Diversity is a wonderful thing – diversity of culture, people, geography, history and lifestyle all make the world a fascinating place.

Maya Angelou, a well-known American writer and civil rights activist said not long before her death in 2014, “It is time for parents to teach young people early on that in diversity there is beauty and there is strength.” The same advice applies to schools.

Schools, by their very nature and communities they represent, are diverse organisations, but in this period of rapid educational evolution they are becoming more and more diverse in terms of what is being taught, how it is taught and assessed, who is teaching and who is learning. Our national curriculum encourages diversity and isn’t overly prescriptive; that is a good thing because students learn in different ways. Providing a diverse range of learning experiences and allowing students to explore and enquire make school learning programmes a far cry from yesteryear.

At Kristin we teach an alternative curriculum, the International Baccalaureate, and in the Senior School we offer the IB Diploma alongside NCEA as qualification pathways. This suits our student population and they appreciate having alternatives, especially those wanting to pursue international tertiary education options.

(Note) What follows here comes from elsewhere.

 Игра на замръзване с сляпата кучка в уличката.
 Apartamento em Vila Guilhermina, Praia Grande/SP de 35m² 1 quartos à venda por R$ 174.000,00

Researchers from the University of Auckland studied this programme last year, and noted that the learning experiences focus on internationalism and intercultural understanding. Their finding are summarised elsewhere in this edition of Channel. For Kristin students, this is framed in terms of global self-positioning, and yet the language and the requirement is interpreted as local in its implications. In a New Zealand context, for example, “intercultural” can be translated into an inquiry into relations with indigenous peoples. Global responsibility is emphasised in classroom discussions but, again, often with local connections. Students are able to place themselves at the centre of issues and current events, such as the rising costs of petrol and oil, the housing market boom in Auckland and urbanisation. Students are encouraged to think about what such things might mean and how to mitigate the impacts in their own families, communities and country.

They are learning to embrace diversity, and place their own diversity in the world around them.